I just had a car accident. I shouldn’t say just — as in minutes or even hours ago — but it seems so fresh, it’s hard to believe it didn’t just happen. Although the event occurred days ago, the few short seconds it took between feeling in control of a routine driving maneuver and realizing my air bag had deployed has been replaying in my mind a lot in the days that followed.
The twisted metal, fragments of black bumper and loose brick from the building I hit became immediate evidence that I had survived something very ugly. That I was able to get out of my car on my own volition and wasn’t injured beyond a few scratches on my hand (I guess from the air bag blossoming so suddenly) was a minor miracle. That no other car or pedestrian was harmed was another reason to celebrate my good fortune. That the veteran policewoman that wrote up the report only issued one ticket (she could have cited me for an overdue license plate renewal) was another reason I should have counted myself lucky.
The handyman who came to board up the side of the building I hit responded to my body language by reminding me “Why do you think they call them accidents?” The front of my car was badly damaged, but what I was doing to myself, on the inside, was even more barbed and brutal.
I couldn’t think of anything I was preoccupied with that may have interfered with me giving my full attention to what I had to do behind the wheel. I worried that I was hopelessly ungrounded and might be prone to other mishaps. I imagined people criticizing me for being a bad driver.

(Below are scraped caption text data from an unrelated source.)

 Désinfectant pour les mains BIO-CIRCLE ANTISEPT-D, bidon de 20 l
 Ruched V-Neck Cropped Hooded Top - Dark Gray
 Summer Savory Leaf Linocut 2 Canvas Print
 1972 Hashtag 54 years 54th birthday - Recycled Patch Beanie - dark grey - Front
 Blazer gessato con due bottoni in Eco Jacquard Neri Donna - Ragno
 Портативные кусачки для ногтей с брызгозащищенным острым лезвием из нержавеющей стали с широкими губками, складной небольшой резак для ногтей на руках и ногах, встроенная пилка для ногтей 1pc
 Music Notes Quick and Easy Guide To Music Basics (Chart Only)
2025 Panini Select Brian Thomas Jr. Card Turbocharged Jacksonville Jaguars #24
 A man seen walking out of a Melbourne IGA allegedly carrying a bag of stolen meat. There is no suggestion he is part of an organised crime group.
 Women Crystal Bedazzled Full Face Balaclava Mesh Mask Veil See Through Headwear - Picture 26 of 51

I was lucky I didn’t have serious injuries or had to deal with guilt over hurting anyone else. But all I seemed able to think about was some failure of mine.

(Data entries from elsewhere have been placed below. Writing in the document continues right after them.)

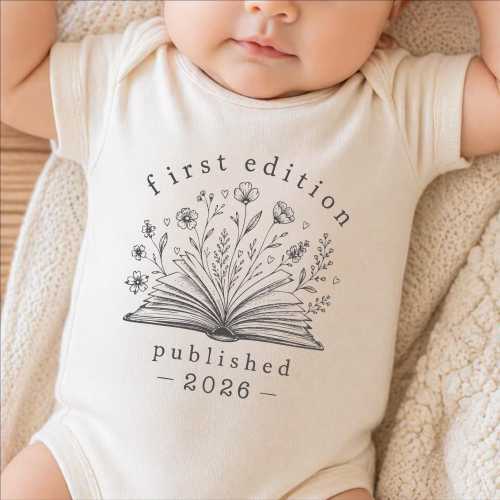 First Edition Baby Bodysuit, Custom Published Onesie, Librarian Baby Gift, Littlest Book Club Member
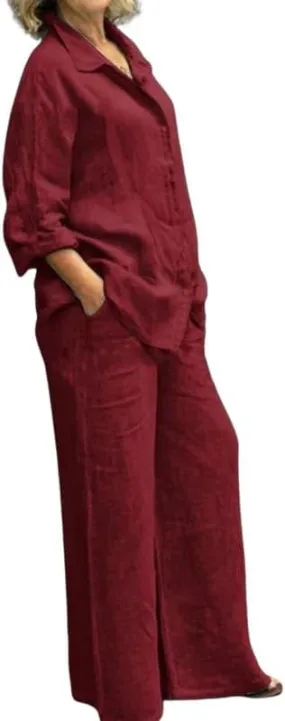 ZOCAVIA Women's Cotton Linen Set Summer Button Down Long Sleeve Shirt Wide Leg Pants Suit Casual Matching Set with Pockets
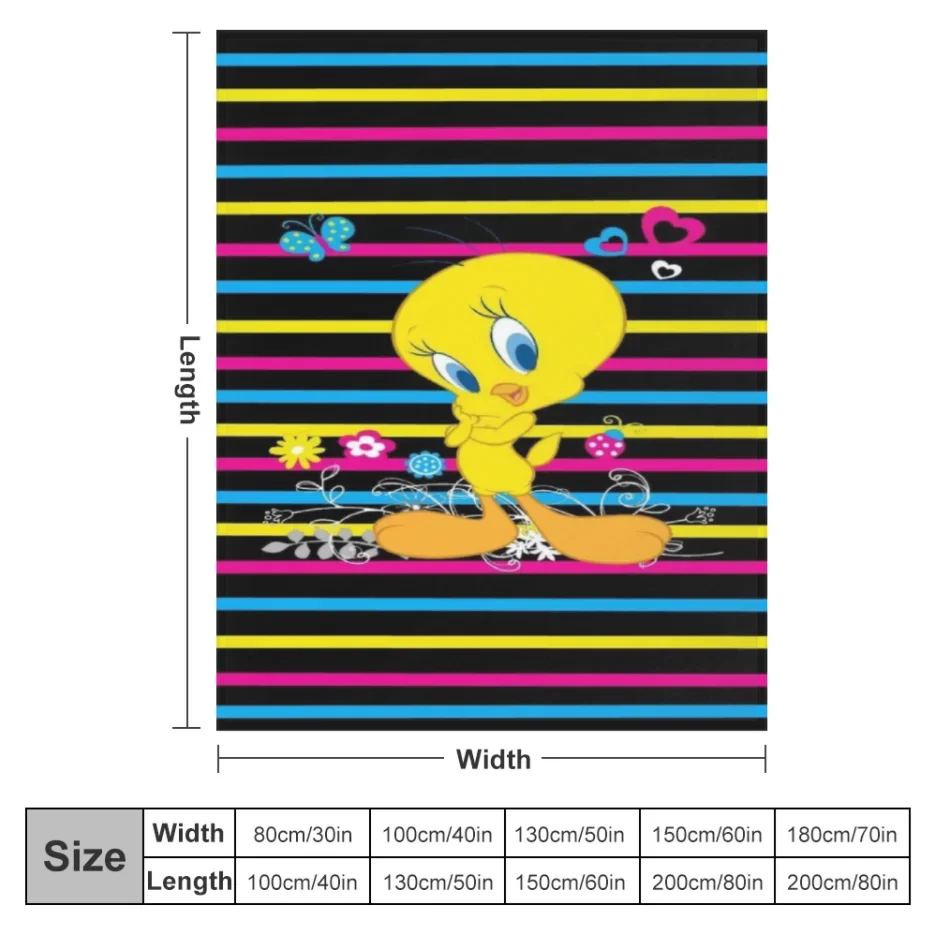 Cartoon Tweety Bird Piolin Throw Blanket Fuzzy Warm Throws for Winter Bedding3D Printing Soft Micro Fleece Blanket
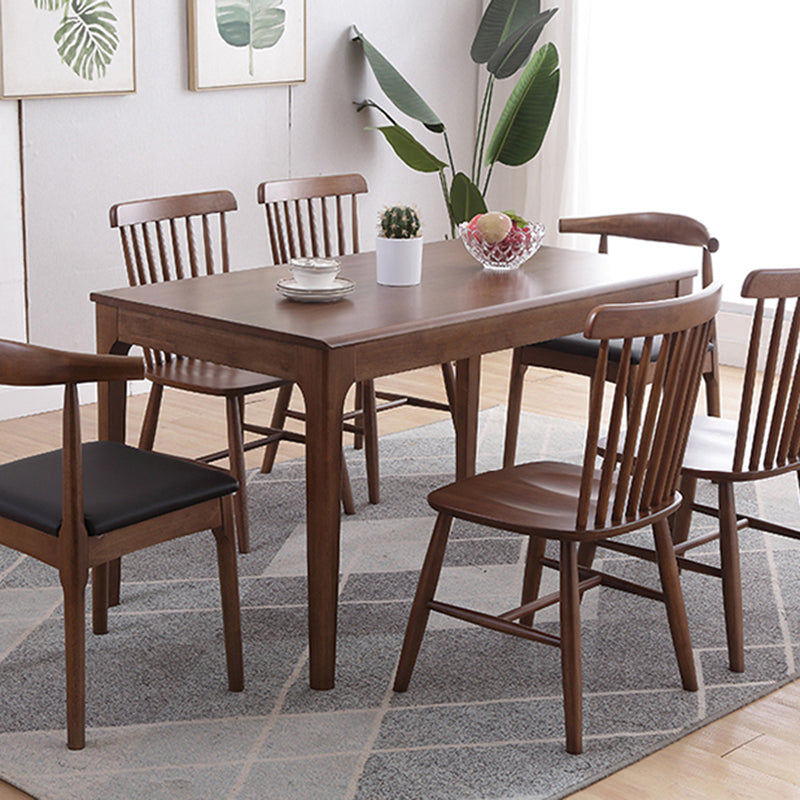 Contemporary Rectangle Dining Table Rubberwood Solid Wood Table with 4 Legs Clearhalo ' dining_table' 'Dining Tables & Seating' 'Dining Tables' 'furn' 'furn_dining_table' 'Furniture' 'furniture_dining_table' 'Kitchen & Dining Furniture' 'kitchen&dining_furn' 'kitchen' 'kitchen_dining_table' 3578765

The rest of the afternoon, I did the things you are supposed to do in such a situation. I filed an insurance claim. I purchased a sticker for my license plate renewal. I reserved a rental car for the next day. In the evening, I fell apart. How could I have been so …(fill in the blank with any range of vindictive expression)?
I called a friend in Michigan. She tried to help me put things in perspective.
“Take out a blank sheet of paper, and draw a dot,” she instructed. “Think of that dot as representing the accident.”
“Now draw a much larger circle,” she went on. In retrospect, she probably intended for me to have two circles of disparate diameters side by side, but for some unknown reason, I decided to surround my dot with the larger circle, which I later shaded in.
“This big circle can represent the entirety of your life. The accident is over,” she remarked without judgment. “It was real, but it is not the whole of your life.”
She went on to ask me questions about myself, how I made choices, how I treated others, when was the last time I pushed myself and tried something new. We concluded that I have acted bravely, tended to be generous and was often wise. She added that from what she could tell, I probably liked myself. I agreed. I am who I am because of conscious choices I’ve made.
She recommended wrapping a bubble of unconditional love around my dot and circle, advising me to love and forgive myself. Not in an airy-fairy sort of way, but to remember that anything that IS is part of everything that is.
Even temporarily, feeling so out of control is disorienting. Damaging physical property despite a general orientation to be careful is unsettling, but my life is more than an event. My character is more shining than it is dirty.
Being reminded to keep things in perspective is no small thing.